> Material for this exercise:
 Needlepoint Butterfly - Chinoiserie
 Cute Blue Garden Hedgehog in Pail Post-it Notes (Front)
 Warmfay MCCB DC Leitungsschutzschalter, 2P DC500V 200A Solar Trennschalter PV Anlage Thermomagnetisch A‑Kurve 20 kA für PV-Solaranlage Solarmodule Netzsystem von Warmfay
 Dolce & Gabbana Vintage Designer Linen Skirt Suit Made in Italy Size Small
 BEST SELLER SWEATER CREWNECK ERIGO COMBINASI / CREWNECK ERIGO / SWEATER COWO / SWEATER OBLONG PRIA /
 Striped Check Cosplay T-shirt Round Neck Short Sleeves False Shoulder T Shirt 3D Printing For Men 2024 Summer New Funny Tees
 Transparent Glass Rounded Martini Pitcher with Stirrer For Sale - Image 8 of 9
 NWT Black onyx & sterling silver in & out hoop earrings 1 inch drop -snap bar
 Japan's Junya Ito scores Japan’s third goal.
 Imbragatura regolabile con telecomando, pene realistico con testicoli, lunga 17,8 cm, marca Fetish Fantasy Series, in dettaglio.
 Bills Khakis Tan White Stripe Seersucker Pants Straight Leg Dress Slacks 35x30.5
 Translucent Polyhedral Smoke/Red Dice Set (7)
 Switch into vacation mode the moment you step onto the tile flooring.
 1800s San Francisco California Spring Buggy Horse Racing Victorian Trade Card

> Directions:
Exact copies of all the entries above should be returned.

> Answer to this exercise:
 Needlepoint Butterfly - Chinoiserie
 Cute Blue Garden Hedgehog in Pail Post-it Notes (Front)
 Warmfay MCCB DC Leitungsschutzschalter, 2P DC500V 200A Solar Trennschalter PV Anlage Thermomagnetisch A‑Kurve 20 kA für PV-Solaranlage Solarmodule Netzsystem von Warmfay
 Dolce & Gabbana Vintage Designer Linen Skirt Suit Made in Italy Size Small
 BEST SELLER SWEATER CREWNECK ERIGO COMBINASI / CREWNECK ERIGO / SWEATER COWO / SWEATER OBLONG PRIA /
 Striped Check Cosplay T-shirt Round Neck Short Sleeves False Shoulder T Shirt 3D Printing For Men 2024 Summer New Funny Tees
 Transparent Glass Rounded Martini Pitcher with Stirrer For Sale - Image 8 of 9
 NWT Black onyx & sterling silver in & out hoop earrings 1 inch drop -snap bar
 Japan's Junya Ito scores Japan’s third goal.
 Imbragatura regolabile con telecomando, pene realistico con testicoli, lunga 17,8 cm, marca Fetish Fantasy Series, in dettaglio.
 Bills Khakis Tan White Stripe Seersucker Pants Straight Leg Dress Slacks 35x30.5
 Translucent Polyhedral Smoke/Red Dice Set (7)
 Switch into vacation mode the moment you step onto the tile flooring.
 1800s San Francisco California Spring Buggy Horse Racing Victorian Trade Card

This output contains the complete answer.